Detrás de Cien años de soledad hay un mago del tiempo y de las
historias. ¿Cómo se pueden contar tantísimas anécdotas que ocurren
durante un siglo en tan poco espacio novelesco? La narración, además,
anticipa el futuro y salta a pasados cercanos y remotos con tal
naturalidad que nunca sentimos un bache.
García Márquez también es genio para crear personajes. No digo para
inventarlos, sino para crearlos. Con unas cuantas pinceladas, sin
necesidad de farragosas descripciones, pone al menos veinticinco
personajes sustanciosos, de carne y hueso, en su novela.

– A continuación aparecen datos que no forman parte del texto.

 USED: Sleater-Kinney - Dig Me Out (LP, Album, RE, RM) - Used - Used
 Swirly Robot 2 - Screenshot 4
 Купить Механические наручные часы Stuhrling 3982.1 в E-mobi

Sus parlamentos no tienen desperdicio. Cuando el narrador calla para que
hable un personaje, es porque tiene algo que decir. Algo breve y
contundente.
Es un prosista excepcional. En la frase larga le da al español un ritmo y
una tersura tan placenteros que invita a leerlo en voz alta.
Es un virtuoso del adjetivo. Los usa en racimos, pero nunca se siente un
abuso. Así sean comunes, regionales o garciamarquecinos, le dan al
sustantivo o a la frase una vida perpetua y feliz.
Nos vive dando lo que no esperamos. Sorprende con la historia y con la
frase. Sus personajes se la pasan diciendo y haciendo lo que no
esperamos. Por ejemplo, cuando Amaranta dice: “No seas ingenuo, Crespi,
ni muerta me casaré contigo”.
Aunque está muy lejos de la novela de suspenso, el lector está lleno de
curiosidad y devora las páginas para saber qué va a pasar.
Sobre todo, García Márquez es algo que muy pocos escritores llegan a ser: un artista. Es mucho más que un hábil contador de historias.
Aprovecha todas las posibilidades de la novela para crear una
experiencia estética y espiritual. No ve en las palabras una herramienta
sino la esencia de su arte. Tiene un mundo interior lo suficientemente
rico como para no pedirlo prestado.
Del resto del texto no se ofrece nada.